= Beginning of Section =

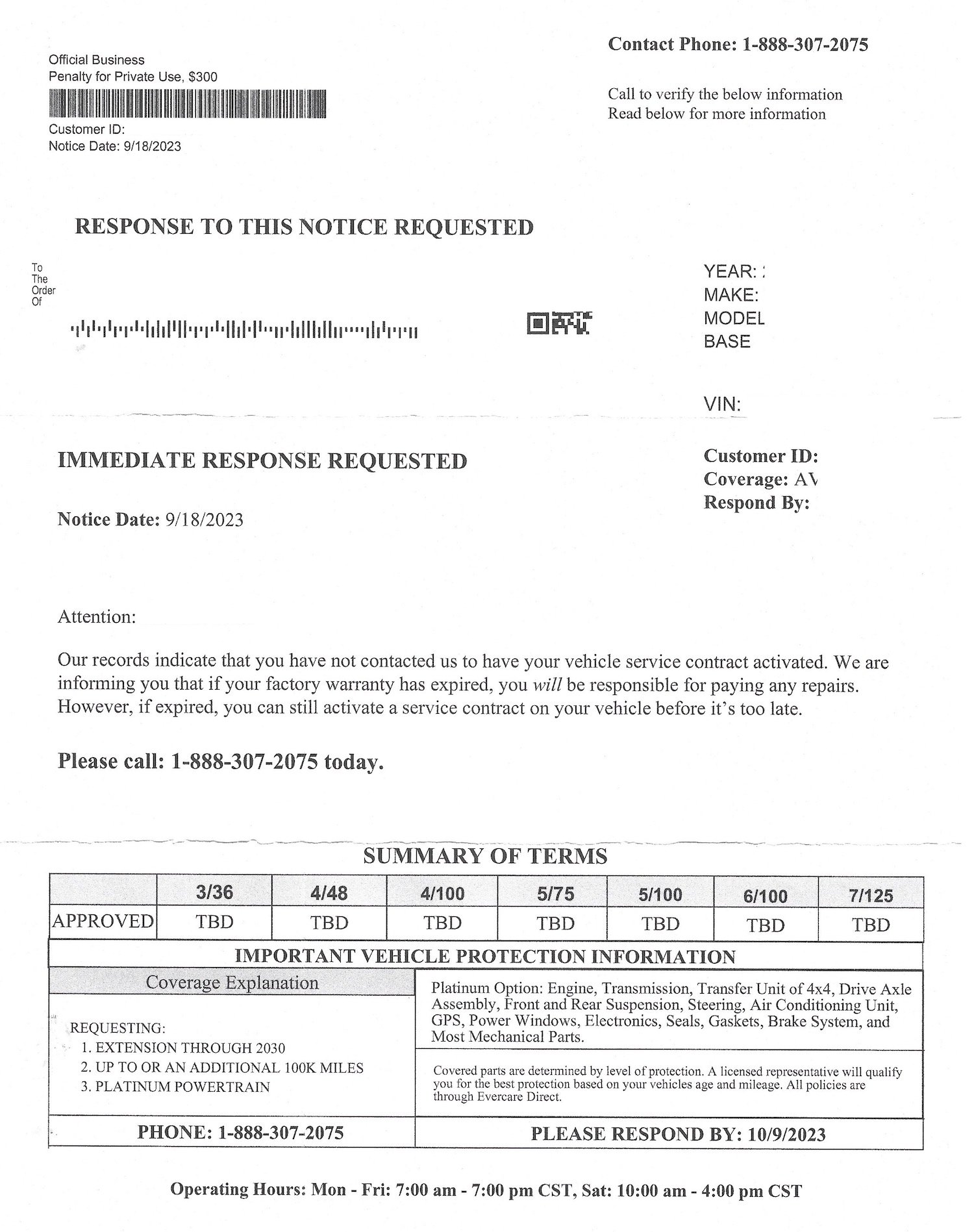 Vehicle Protection Information Mailer Scam Letter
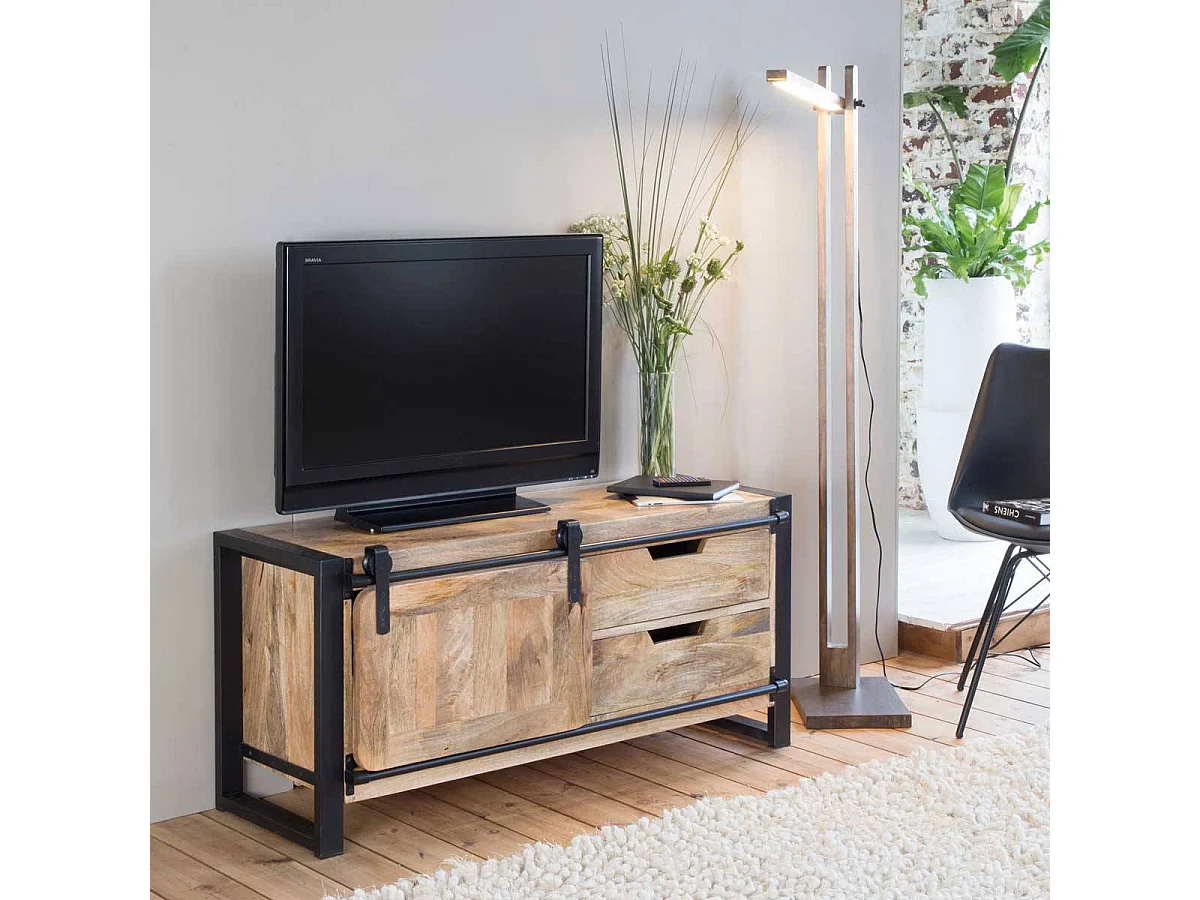 Meuble TV en bois de manguier 120 cm New-York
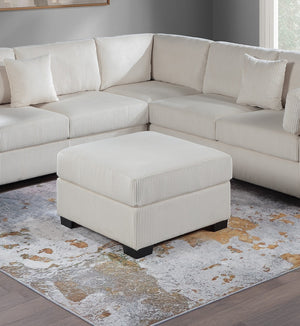 English Elm L-Sectional Corduroy 4-Piece L-Shaped Sectional Sofa Set with Ottoman, Plush Back Cushions & Throw Pillows Beige 34 L x 26 W x 46 H B011S01770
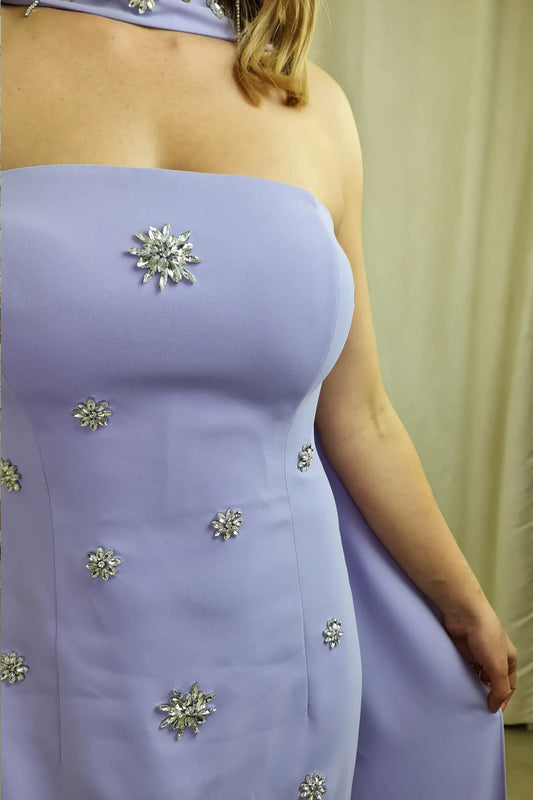 VESTIDO DE CERIMÓNIA CAICAI LILÁS COM DETALHES BRILHANTES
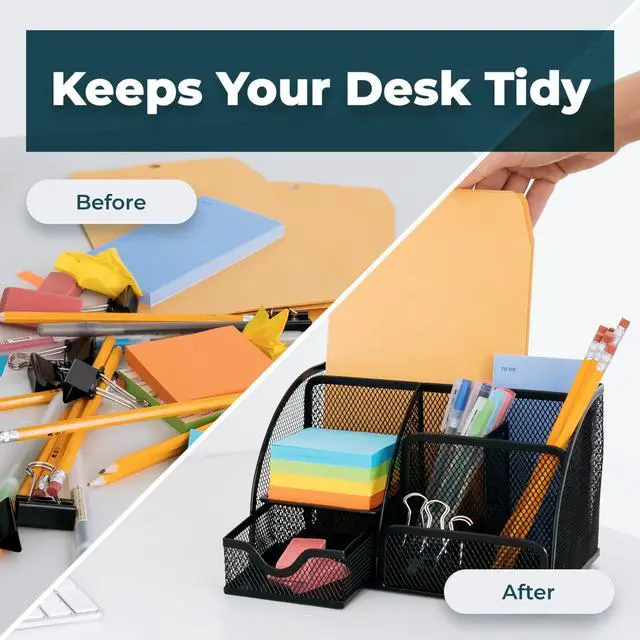 Alt view image 3 of 7 - Mesh Desk Organizer Office & Dorm Room Supplies Caddy, 6 Compartments, Small Black Desk Organizer for Pen, Pencil, Small Office Supplies and Stationary Accessories Storage Organization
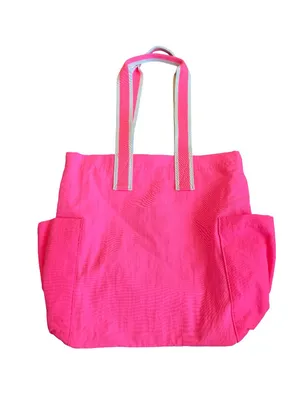 Universal Threads Canvas Structured Tote Bag Striped Straps Side One Size Women's thumbnail 1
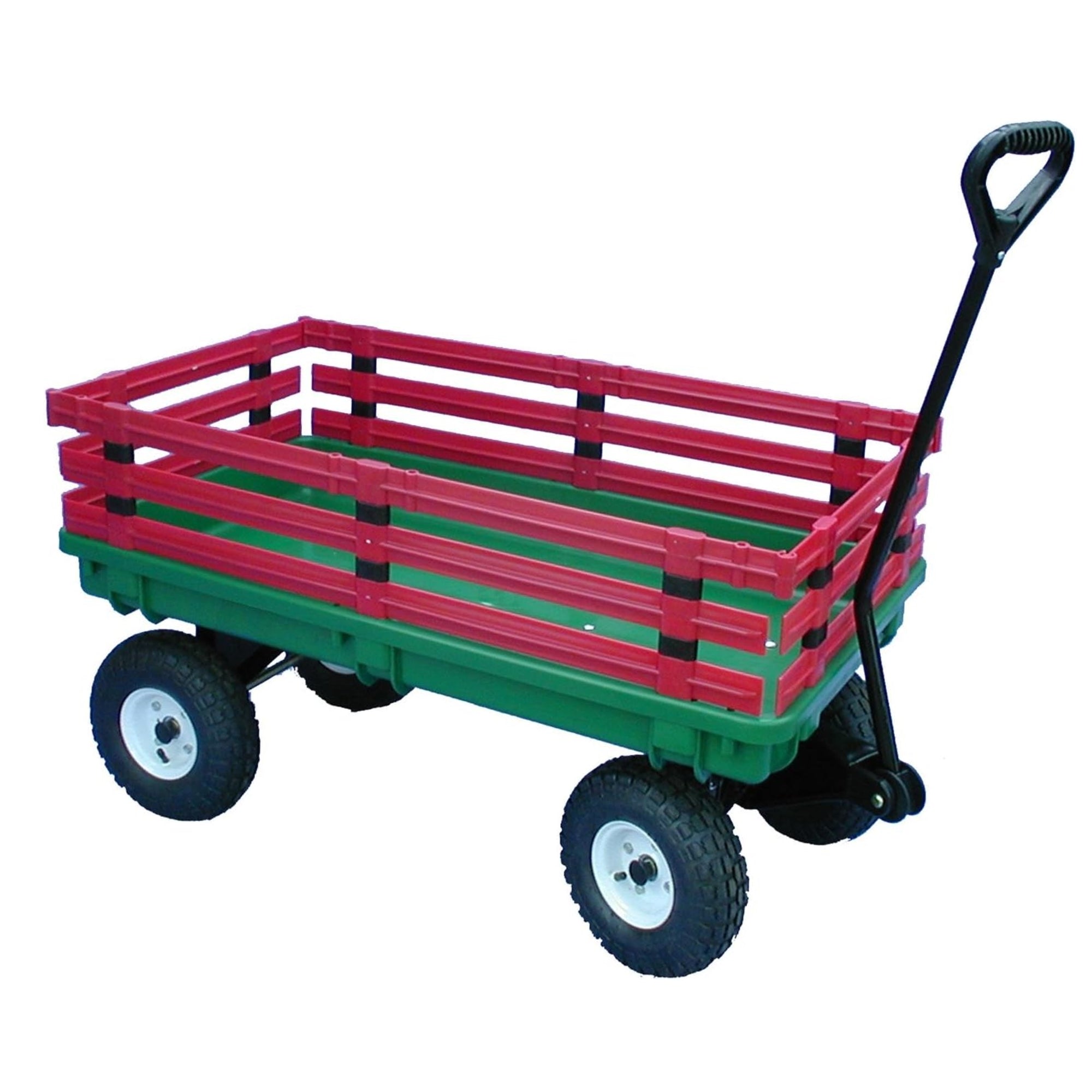 FARM-TUFF Plastic Trekker Wagon with Removable Plastic Side Racks & Pneumatic Tires for Outdoor Hauling, Red and Green, 20" x 38"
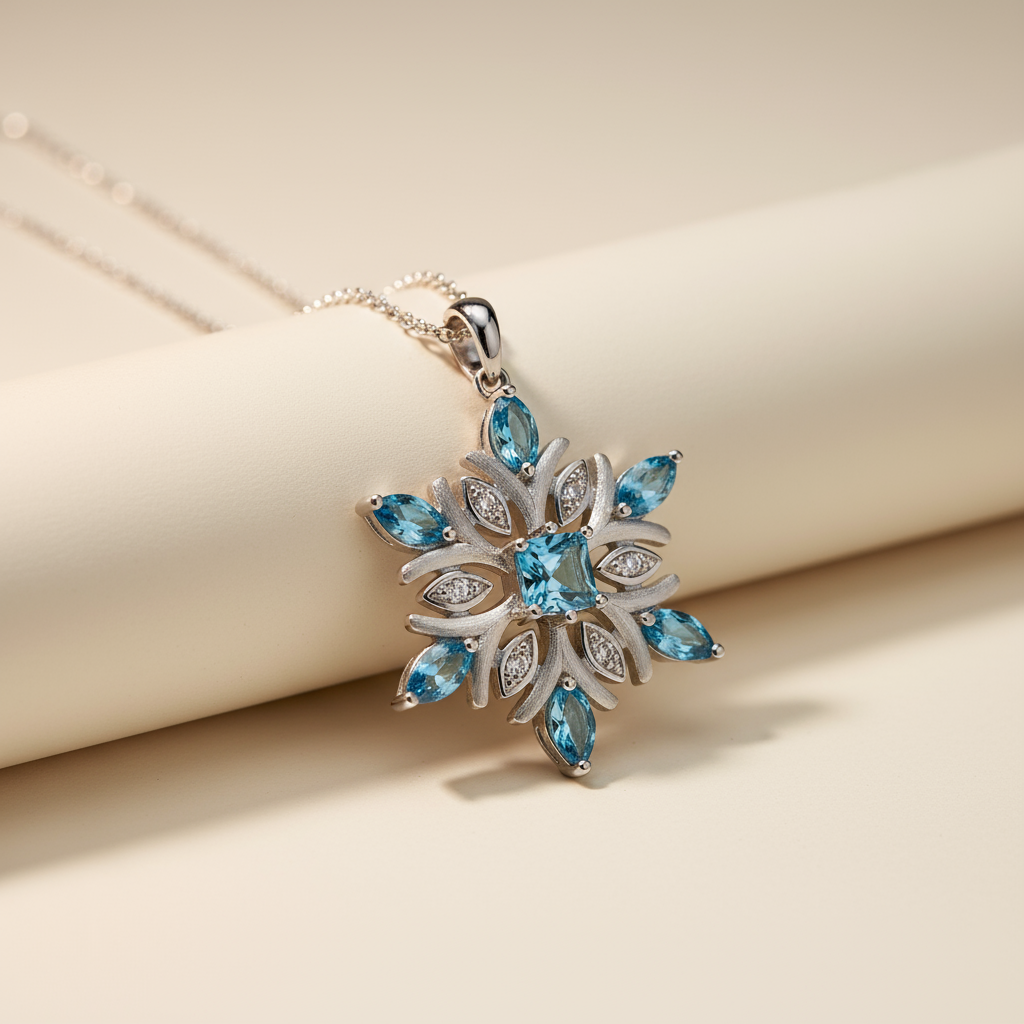 Aquamarine Snowflake Pendant Necklace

= End of Section =

## [Task directions]
Exactly the lines from the line containing "Alt view image" to the end of the records need to be copied, both ends included, with pictures left out.

## [Solution to this exercise]
 Alt view image 3 of 7 - Mesh Desk Organizer Office & Dorm Room Supplies Caddy, 6 Compartments, Small Black Desk Organizer for Pen, Pencil, Small Office Supplies and Stationary Accessories Storage Organization
 Universal Threads Canvas Structured Tote Bag Striped Straps Side One Size Women's thumbnail 1
 FARM-TUFF Plastic Trekker Wagon with Removable Plastic Side Racks & Pneumatic Tires for Outdoor Hauling, Red and Green, 20" x 38"
 Aquamarine Snowflake Pendant Necklace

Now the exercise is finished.